Berdasarkan uraian diatas dapatlah ditarik kesimpulan bahwa baik pihak pegawai maupun institusi sama-sama berada pada posisi “bersalah” dalam kasus klaim gaji ini, pihak pegawai “keukeuh” dengan pendirian bahwa yang bersangkutan memiliki landasan hukum untuk “menuntut” hak nya, sementara pihak institusi juga bersih kukuh dengan pendirian tidak akan menuntaskan hak pegawai karena tidak ada kinerja yang diterima.

Klaim yang terjadi ini, dari sisi pengelolaan keuangan Negara, berpotensi “merugikan”  keuangan Negara karena uang Negara yang dikeluarkan tidak diiringi dengan prestasi yang seharusnya diterima. Sebagaimana diatur dalam Undang-Undang Nomor 1 Tahun 2004 Tentang Perbendaharaan Negara ditegaskan bahwa belanja negara didasarkan prestasi/hasil pekerjaan/kinerja yang diterima. Oleh karena itu menjadi penting bagi para pimpinan untuk tidak bersikap “abai” atas kewenangan manajerial yang dimiliki sebagai konsekuensi atas amanah yang diemban sebagai pimpinan. Dari sisi pegawai sudah seharusnya juga menyadari bahwa pelaksanaan hak adalah wajar manakala juga diiringi dengan pelaksanaan kewajiban secara seimbang.

Sedangkan dari sisi regulasi, menurut penulis, perlunya reformulasi pengaturan terkait penggajian bagi PNS yang melekat dengan statusnya, dalam artian jika terjadi kondisi (sengketa) sebagaimana deskripsi diatas, maka kepentingan pihak institusi selaku representasi dari Negara seharusnya lebih dikedepankan, mengingat negara memiliki “amanah” yang jauh lebih besar dan esensial yaitu mengelola uang negara secara prudent guna mensejahterakan seluruh rakyat.
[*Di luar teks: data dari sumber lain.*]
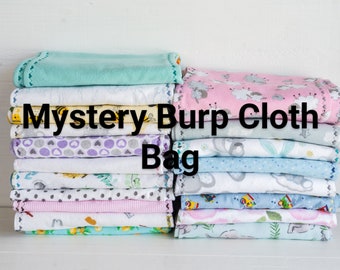 Baby Handmade Shower Gift Cotton Flannel Burp Cloths Spit Rags Pads Mystery Bag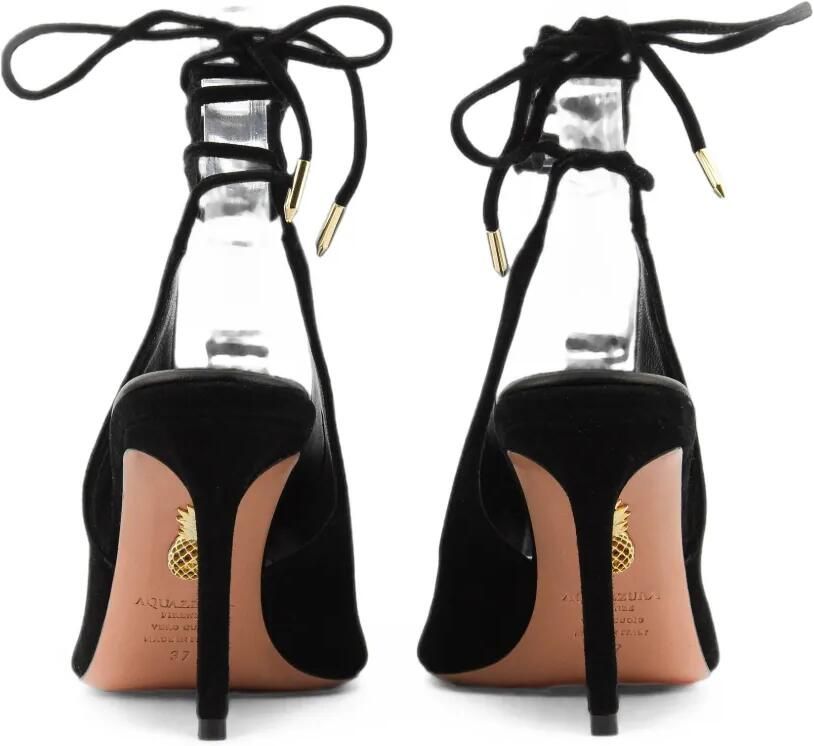 Aquazzura Lais suède sandalen met veters Zwart - Foto 3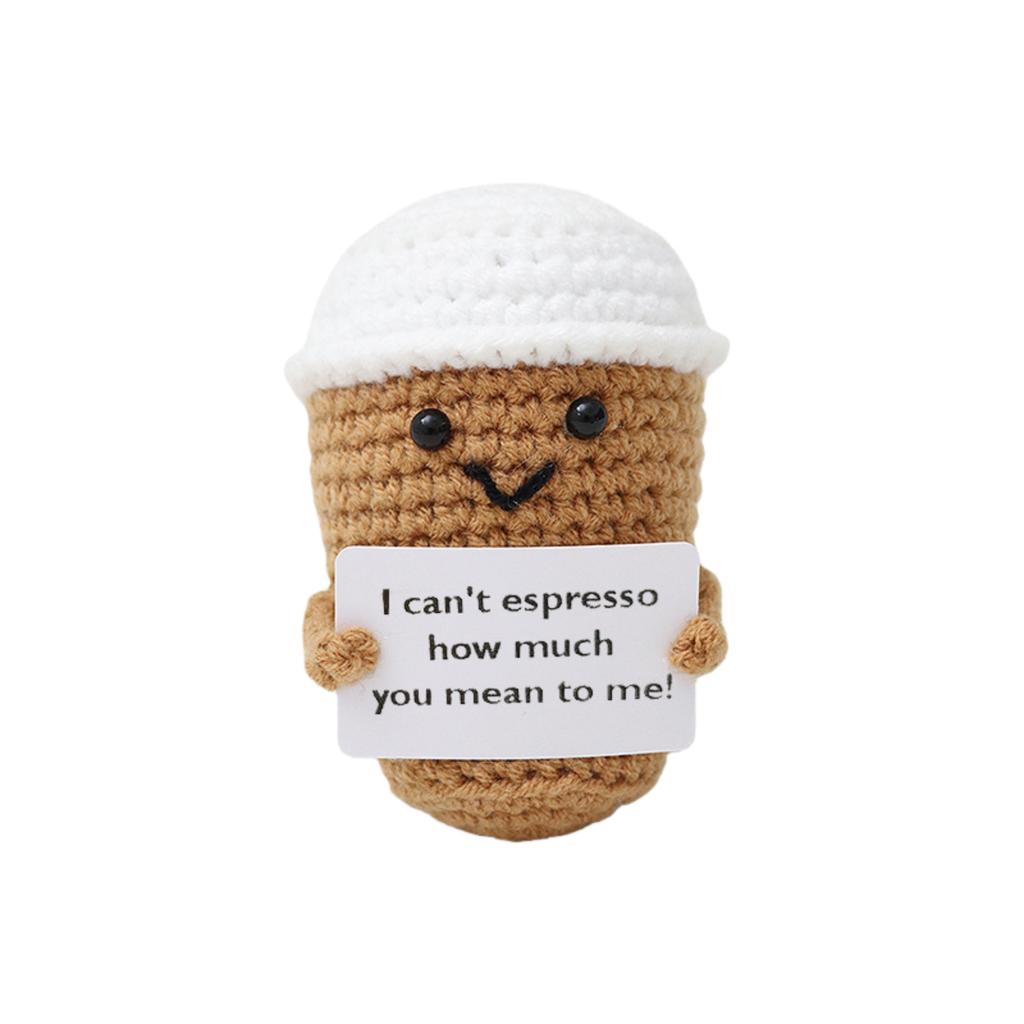 Coffee Lovers Gifts For Women, Positive Emotional Crochet Handmade Support, Small Appreciation Gifts For Coworker, Teacher Friends Thank You Gift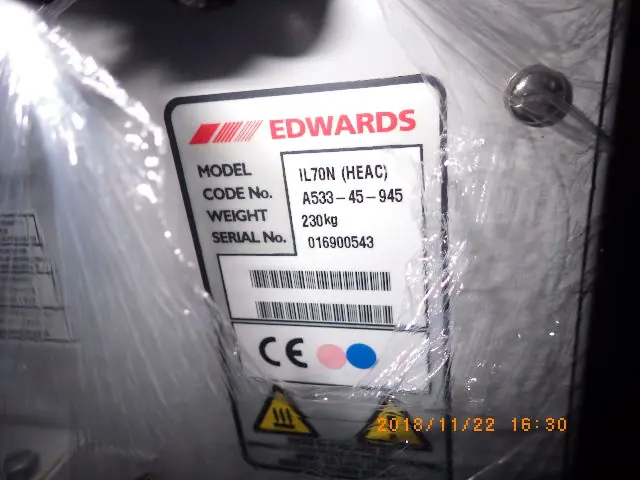 エドワーズ Edwards iL70N(HEAC) 銘板写真(2/2)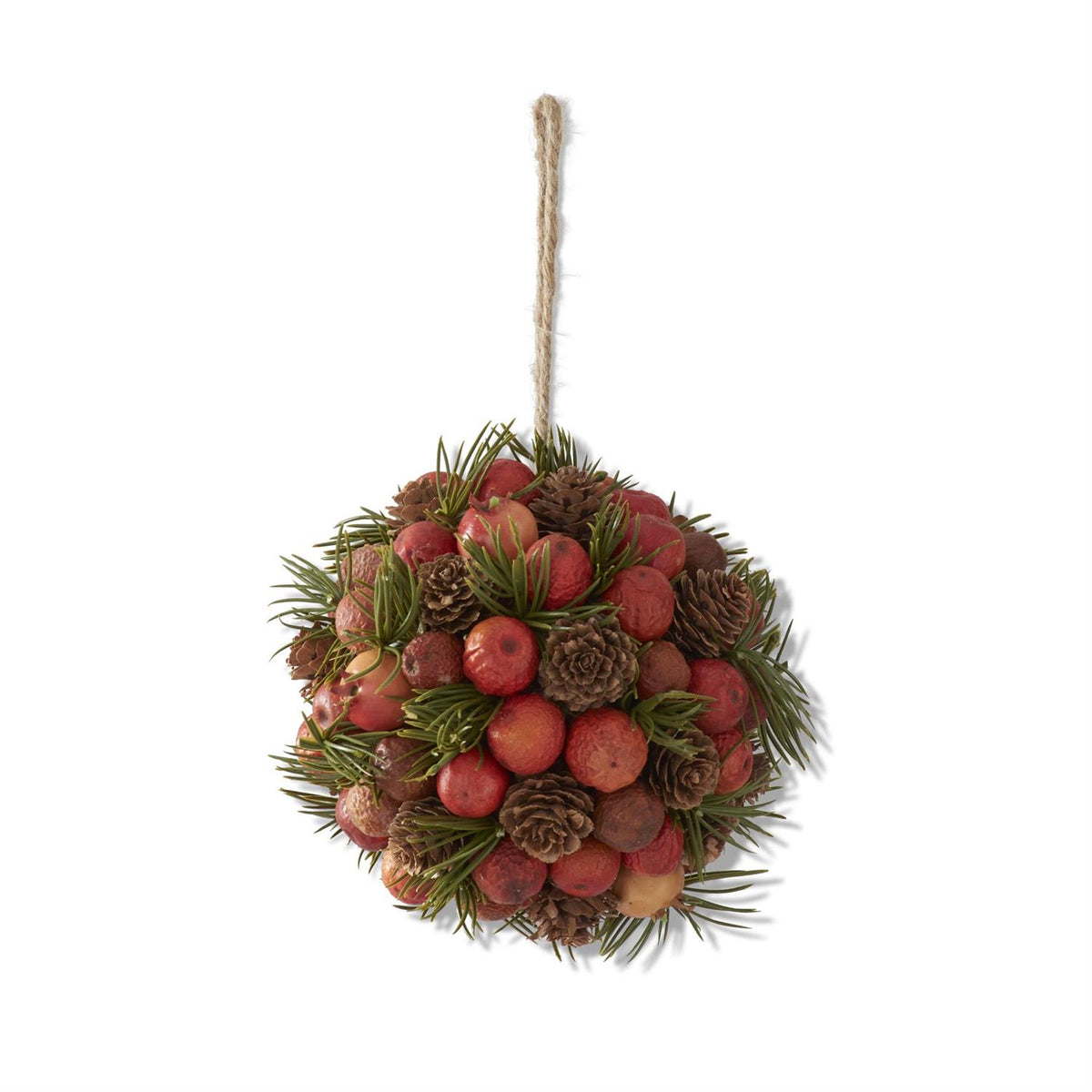5.75" Orange Pods Pinecones & Pine Ornament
Sehingga seluruh tindakan atau bahkan sikap pribadi yang “cenderung” berpotensi merugikan Negara (secara spesifik merugikan dari sisi finansial) dapat di cegah atau bahkan dieliminir. Sedangkan bagi para pimpinan institusi/unit kerja wajib lebih meningkatkan pemahaman serta ketrampilan manajerialnya dalam rangka pengelolaan SDM dalam seluruh aspek guna memunculkan sikap aware akan urgensi dan tanggungjawab pengelolaan SDM sebagai konsekuensi pelaksanaan amanah yang di emban. Oleh karena itu, judul tulisan ini seharusnya juga tidak boleh terjadi di negeri tercinta ini apapun bentuknya……”Jangan pernah lelah mencintai negeri ini” (Sri Mulyani Indrawati-Menteri Keuangan R.I.)